- **RECORDS TO PROCESS**
——
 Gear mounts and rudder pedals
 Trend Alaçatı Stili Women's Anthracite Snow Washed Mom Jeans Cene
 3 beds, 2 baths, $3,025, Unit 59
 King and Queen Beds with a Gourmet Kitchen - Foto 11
——
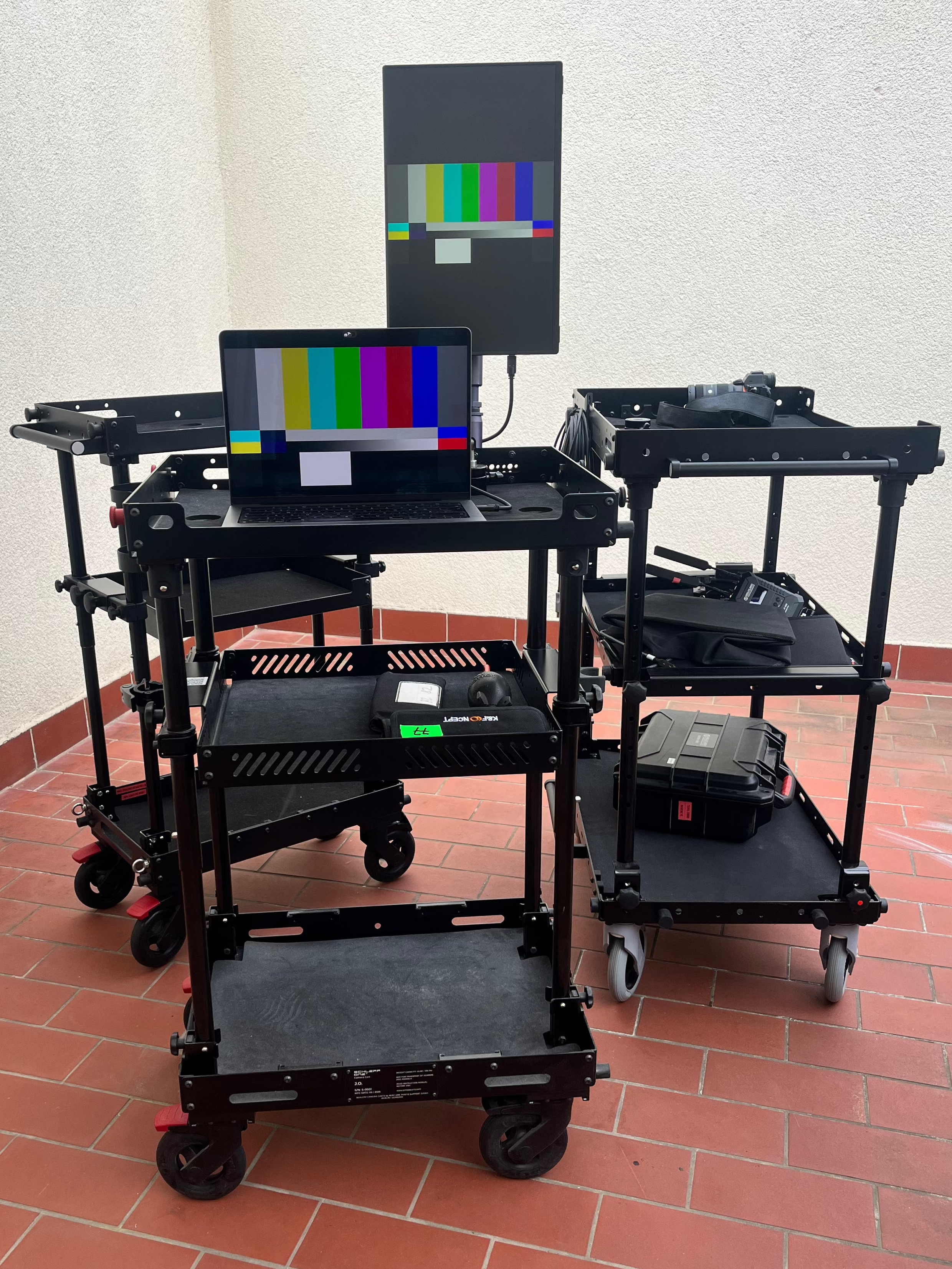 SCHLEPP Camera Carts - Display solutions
——
- **TASK STATEMENT**
As listed above, the lines from the line with "Gear mounts and rudder pedals" to the line with "King and Queen" are to be echoed exactly, with both ends included and nothing added.

- **EXERCISE RESPONSE**
 Gear mounts and rudder pedals
 Trend Alaçatı Stili Women's Anthracite Snow Washed Mom Jeans Cene
 3 beds, 2 baths, $3,025, Unit 59
 King and Queen Beds with a Gourmet Kitchen - Foto 11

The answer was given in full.